Would this work in general? Say I have a document with figures, special
equations, text, and tables. The text and tables are relatively easy. The
figures would need a conversion from pixels to lines, and the equations maybe
printed out, counted as a figure, and then added to the line count. It would
also be tricky if a title line was at 32 point font and the text at 12, and the
more complex the formatting the harder to deal with rows as related to page
size.
Thankfully I do not think I will have to do this, so the question is for
theoretical interest on my part (at least for now).
Tim
-----Original Message-----
From: R-help <r-help-bounces at r-project.org> On Behalf Of Jeff Newmiller
via R-help
Sent: Saturday, December 2, 2023 11:46 AM
To: r-help at r-project.org
Subject: Re: [R] adding "Page X of XX" to PDFs
[External Email]
One of the most fundamental characteristics of R programming is the use of data
frames of column vectors, and one of the very first challenges I had as a
then-Perl-programmer was coming to grips with the fact that unknown-length CSV
files would be read completely into memory as rows and once the entire CSV was
in memory it would be transposed into column vectors.
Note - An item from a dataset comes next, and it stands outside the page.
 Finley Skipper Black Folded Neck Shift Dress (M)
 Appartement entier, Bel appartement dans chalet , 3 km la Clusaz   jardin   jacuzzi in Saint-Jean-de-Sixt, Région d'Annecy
I was resistant to this
philosophy at first, but the advantages in computation speed and simplicity
eventually won me over.
I would say that if you want to know how many pages you are going to produce
with R, then you are going to have to count them before you create them.
Building a dataframe that describes (in terms of parameters to be passed to a
page-generating function in each row) what you are going to put on each page
before you actually print it can make this pre-counting problem trivial, and the
code that does the printing is likely to be more modular and testable as well.
On December 1, 2023 12:53:25 PM PST, Dennis Fisher <fisher at
plessthan.com> wrote:>OS X
>R 4.3.1
>
>Colleagues
>
>I often create multipage PDFs [pdf()] in which the text "Page X"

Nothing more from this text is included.